# PROBLEM DESCRIPTION
For the listing below, print exactly the lines from the line with "Two-Layer Fishing Box" to the line with "Museum of History and Technology.)", both included, and nothing beyond them.
————————
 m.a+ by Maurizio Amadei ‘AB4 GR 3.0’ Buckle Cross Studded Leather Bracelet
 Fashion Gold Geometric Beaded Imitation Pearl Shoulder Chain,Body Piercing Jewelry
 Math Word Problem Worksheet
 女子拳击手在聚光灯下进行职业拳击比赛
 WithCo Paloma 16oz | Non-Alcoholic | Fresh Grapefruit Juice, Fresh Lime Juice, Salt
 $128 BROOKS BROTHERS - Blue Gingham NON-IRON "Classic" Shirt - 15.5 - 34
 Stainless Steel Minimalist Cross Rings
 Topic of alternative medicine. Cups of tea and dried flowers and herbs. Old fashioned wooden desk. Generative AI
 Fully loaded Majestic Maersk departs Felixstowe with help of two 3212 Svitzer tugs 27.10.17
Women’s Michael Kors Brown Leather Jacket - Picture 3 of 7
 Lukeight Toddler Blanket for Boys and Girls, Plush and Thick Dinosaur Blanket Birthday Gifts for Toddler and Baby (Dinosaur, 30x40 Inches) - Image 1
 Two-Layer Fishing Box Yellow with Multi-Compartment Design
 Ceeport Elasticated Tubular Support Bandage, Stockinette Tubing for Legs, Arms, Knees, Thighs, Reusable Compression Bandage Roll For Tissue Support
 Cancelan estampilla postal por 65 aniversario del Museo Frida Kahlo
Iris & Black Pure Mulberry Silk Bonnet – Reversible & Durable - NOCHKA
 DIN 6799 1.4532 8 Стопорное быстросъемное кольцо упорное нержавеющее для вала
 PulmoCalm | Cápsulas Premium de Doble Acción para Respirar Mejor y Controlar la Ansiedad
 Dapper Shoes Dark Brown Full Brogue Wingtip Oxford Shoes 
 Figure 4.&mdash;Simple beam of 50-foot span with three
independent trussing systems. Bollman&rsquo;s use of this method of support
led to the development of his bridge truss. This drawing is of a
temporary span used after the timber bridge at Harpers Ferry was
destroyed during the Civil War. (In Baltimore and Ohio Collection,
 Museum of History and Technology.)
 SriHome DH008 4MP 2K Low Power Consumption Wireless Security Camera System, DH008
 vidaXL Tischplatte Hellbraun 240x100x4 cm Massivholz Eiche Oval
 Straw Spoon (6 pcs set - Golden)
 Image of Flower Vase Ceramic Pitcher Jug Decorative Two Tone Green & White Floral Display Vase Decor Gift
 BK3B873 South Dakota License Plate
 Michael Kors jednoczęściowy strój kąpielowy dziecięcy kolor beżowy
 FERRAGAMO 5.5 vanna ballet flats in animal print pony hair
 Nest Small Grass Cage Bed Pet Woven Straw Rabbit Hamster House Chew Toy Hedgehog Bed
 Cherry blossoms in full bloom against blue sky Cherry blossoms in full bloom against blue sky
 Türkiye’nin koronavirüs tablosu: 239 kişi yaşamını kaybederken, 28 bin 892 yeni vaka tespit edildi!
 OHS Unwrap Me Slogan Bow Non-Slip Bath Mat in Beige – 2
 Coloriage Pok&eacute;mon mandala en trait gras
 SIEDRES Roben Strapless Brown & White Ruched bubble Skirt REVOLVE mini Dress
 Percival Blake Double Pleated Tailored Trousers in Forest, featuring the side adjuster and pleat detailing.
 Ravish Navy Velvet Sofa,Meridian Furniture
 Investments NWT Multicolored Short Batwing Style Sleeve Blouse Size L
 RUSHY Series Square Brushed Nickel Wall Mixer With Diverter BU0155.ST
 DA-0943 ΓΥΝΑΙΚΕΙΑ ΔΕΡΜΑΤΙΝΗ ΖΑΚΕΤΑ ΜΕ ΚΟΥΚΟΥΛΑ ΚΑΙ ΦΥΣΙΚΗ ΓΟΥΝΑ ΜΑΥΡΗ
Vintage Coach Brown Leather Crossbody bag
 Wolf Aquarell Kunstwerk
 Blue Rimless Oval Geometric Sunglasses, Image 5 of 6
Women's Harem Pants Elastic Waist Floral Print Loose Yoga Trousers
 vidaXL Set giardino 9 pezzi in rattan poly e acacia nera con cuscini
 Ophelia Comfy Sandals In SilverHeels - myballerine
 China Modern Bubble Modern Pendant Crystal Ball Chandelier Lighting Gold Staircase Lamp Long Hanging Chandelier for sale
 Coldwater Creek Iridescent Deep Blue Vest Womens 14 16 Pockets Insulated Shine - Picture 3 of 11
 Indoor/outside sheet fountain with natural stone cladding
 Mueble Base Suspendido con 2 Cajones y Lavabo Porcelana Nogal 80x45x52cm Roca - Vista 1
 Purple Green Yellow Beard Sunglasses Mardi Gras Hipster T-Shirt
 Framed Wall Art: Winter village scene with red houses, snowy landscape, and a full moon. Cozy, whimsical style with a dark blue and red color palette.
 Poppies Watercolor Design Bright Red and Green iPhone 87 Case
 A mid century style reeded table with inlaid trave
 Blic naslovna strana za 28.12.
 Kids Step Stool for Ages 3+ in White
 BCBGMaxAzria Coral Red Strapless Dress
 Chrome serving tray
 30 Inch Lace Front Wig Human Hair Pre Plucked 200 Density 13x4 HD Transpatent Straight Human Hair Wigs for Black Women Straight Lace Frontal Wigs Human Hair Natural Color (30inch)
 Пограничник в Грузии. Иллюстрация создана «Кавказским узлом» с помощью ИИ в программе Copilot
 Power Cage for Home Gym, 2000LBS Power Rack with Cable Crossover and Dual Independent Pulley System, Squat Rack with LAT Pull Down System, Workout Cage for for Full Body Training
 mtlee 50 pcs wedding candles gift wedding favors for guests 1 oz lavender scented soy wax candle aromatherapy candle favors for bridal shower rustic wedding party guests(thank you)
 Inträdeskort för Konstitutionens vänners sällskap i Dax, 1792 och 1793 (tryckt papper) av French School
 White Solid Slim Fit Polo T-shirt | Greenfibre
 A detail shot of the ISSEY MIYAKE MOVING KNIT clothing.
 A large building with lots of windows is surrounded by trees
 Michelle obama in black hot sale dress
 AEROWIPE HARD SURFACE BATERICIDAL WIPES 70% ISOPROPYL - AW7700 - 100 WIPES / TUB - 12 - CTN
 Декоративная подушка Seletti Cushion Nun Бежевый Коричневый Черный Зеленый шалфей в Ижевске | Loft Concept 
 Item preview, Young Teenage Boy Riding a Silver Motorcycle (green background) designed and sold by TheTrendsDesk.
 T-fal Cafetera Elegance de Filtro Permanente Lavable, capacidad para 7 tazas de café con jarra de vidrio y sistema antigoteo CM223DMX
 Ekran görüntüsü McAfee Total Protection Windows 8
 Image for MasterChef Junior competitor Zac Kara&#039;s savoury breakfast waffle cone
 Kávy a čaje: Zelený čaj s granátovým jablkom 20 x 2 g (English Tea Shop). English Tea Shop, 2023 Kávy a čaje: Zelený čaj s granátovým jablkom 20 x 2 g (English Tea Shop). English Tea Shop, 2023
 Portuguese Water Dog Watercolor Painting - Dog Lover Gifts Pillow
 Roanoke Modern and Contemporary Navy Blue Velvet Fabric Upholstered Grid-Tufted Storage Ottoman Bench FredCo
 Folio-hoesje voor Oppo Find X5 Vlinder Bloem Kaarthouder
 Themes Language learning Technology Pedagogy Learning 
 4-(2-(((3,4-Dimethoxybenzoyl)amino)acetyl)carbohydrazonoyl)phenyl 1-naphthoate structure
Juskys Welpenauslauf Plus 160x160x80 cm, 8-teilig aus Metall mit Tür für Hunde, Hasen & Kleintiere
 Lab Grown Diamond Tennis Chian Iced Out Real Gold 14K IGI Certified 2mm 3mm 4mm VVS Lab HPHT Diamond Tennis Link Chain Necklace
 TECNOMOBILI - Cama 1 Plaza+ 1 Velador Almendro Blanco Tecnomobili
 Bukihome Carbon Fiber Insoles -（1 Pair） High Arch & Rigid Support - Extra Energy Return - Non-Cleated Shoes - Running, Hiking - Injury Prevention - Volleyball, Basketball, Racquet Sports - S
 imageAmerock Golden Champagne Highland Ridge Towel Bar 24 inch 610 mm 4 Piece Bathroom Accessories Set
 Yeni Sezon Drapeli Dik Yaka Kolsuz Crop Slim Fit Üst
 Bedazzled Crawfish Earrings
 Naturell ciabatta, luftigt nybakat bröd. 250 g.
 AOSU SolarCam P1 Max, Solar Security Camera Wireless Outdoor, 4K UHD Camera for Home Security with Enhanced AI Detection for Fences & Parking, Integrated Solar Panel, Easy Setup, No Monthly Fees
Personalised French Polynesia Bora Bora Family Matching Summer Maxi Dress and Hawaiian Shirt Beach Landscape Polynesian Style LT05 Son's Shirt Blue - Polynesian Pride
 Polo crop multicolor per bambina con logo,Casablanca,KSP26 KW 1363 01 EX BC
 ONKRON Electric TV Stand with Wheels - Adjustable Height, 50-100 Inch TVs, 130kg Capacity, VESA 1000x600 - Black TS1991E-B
————————
# ANSWER TO THE PROBLEM
 Two-Layer Fishing Box Yellow with Multi-Compartment Design
 Ceeport Elasticated Tubular Support Bandage, Stockinette Tubing for Legs, Arms, Knees, Thighs, Reusable Compression Bandage Roll For Tissue Support
 Cancelan estampilla postal por 65 aniversario del Museo Frida Kahlo
Iris & Black Pure Mulberry Silk Bonnet – Reversible & Durable - NOCHKA
 DIN 6799 1.4532 8 Стопорное быстросъемное кольцо упорное нержавеющее для вала
 PulmoCalm | Cápsulas Premium de Doble Acción para Respirar Mejor y Controlar la Ansiedad
 Dapper Shoes Dark Brown Full Brogue Wingtip Oxford Shoes 
 Figure 4.&mdash;Simple beam of 50-foot span with three
independent trussing systems. Bollman&rsquo;s use of this method of support
led to the development of his bridge truss. This drawing is of a
temporary span used after the timber bridge at Harpers Ferry was
destroyed during the Civil War. (In Baltimore and Ohio Collection,
 Museum of History and Technology.)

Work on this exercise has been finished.